The mechanical clock, invented in the 14th century, used gears, wheels, levers, powered by a falling weight of a pendulum provided a much more concise and consistent method. By the 18th century, with the help of development in metal technology and the use of sapphires, small pocket watches became an essential part of day-to-day lives. However, the central problem still remained the same, mechanical parts have a tendency to wear down, break and become inaccurate. This problem was solved in the 1970s, with the help of piezoelectricity.

In the 1970s and 1980s, the usage of microchips and quartz crystals, the central problem around watches were solved. The microchip sends the signal to the dial of the watch and because it’s a non-mechanical component, it doesn’t wear out.

Most of the watches being made today are quartz watches, with very few mechanical watches being made today. Mechanical watches are generally very expensive and are usually seen as an artistic piece, rather than a tool.


Watches are generally classified into two types – Analog and Digital. A digital clock consists of an LED screen, which is used to display time. These are perhaps the most accurate watches, considering their cost. On the other hand, an analog clock usually consists of three hands, large and bold markings which signify the hour, and four small markings in between two of the large markings.

Among the three hands, the hour hand is the small in length and thicker in size, the minute hand is slightly longer and thinner, with the second hand being the longest and thinnest. Many of the watches these days, both analog and digital, allow us to check the day of the week, date of the month, time in 24-hour format, time in different time zones, and some really expensive variants also have the ability to show the phase of the moon! Usually, while purchasing a timepiece, one should take note of the accuracy period of the watch, the higher the accuracy period is, the more expensive the timepiece is.

Method of Use

Watches are mostly used in three different manners – like a wall clock, wristwatch and lastly as a pocket watch. It’s pretty self-explanatory on how these are used. A wall clock usually has a hook which can be used to hang on a wall, a wristwatch is tied around the wrist with types of straps made up of different kinds of material like leather or metal. Pocketwatch is a watch that is supposed to be carried in a pocket. These were mostly used in the 16th century and are a thing to look out for now.

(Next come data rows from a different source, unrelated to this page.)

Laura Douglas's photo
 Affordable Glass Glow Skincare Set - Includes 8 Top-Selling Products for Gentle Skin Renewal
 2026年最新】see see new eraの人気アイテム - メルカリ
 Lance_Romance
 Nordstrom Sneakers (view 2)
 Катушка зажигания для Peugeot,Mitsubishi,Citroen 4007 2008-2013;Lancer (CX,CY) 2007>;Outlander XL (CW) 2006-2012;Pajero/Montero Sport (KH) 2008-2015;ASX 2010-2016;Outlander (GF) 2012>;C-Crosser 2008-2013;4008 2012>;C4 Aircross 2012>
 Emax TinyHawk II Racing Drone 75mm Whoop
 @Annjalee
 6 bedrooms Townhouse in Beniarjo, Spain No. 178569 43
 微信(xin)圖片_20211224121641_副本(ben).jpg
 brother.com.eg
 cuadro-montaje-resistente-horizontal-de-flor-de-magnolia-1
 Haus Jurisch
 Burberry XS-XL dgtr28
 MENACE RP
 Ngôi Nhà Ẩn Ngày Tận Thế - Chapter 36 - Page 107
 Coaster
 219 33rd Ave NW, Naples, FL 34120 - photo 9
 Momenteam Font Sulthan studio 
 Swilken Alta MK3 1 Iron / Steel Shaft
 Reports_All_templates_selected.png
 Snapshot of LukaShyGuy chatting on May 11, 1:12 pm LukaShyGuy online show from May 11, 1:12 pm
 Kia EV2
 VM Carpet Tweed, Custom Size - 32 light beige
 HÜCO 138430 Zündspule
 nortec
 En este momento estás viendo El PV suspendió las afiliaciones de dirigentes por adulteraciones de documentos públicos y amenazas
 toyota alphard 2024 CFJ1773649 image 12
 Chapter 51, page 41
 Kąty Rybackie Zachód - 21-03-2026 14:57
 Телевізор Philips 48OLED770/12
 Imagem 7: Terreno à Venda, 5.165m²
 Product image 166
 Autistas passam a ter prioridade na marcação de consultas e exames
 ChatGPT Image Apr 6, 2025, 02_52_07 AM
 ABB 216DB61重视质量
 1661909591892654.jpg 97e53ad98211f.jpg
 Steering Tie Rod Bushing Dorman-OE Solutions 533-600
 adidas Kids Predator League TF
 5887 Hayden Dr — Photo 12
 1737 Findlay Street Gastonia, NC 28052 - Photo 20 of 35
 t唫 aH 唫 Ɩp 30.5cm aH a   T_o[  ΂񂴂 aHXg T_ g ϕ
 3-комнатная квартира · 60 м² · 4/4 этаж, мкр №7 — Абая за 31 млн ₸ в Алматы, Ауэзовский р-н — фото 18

Using a watch can be quite overwhelming, but it’s not that complicated. An LED clock, simply has an LED screen that tells the time. An analog clock, on the other hand, has 12 markings around the dial, which refer to the hour of the day and are pointed towards by a shorthand. Between each individual marking, there 4 small markings, which are useful while referring to the minute of the day. So for example, if the hour hand is pointing towards 6 and the minute hand is pointing at 3, time is 6:15 (5×3=15).

Setting up a clock requires us to put a battery inside of it. Now, this can vary from one clock to another, but in most of the clocks, there are two ways. Either, there is a small indentation on the back of the watch which can be used to remove the backplate, or there are screws on the back which are to be removed. After that just put the battery in, and put the plate back in place, just the way you removed it.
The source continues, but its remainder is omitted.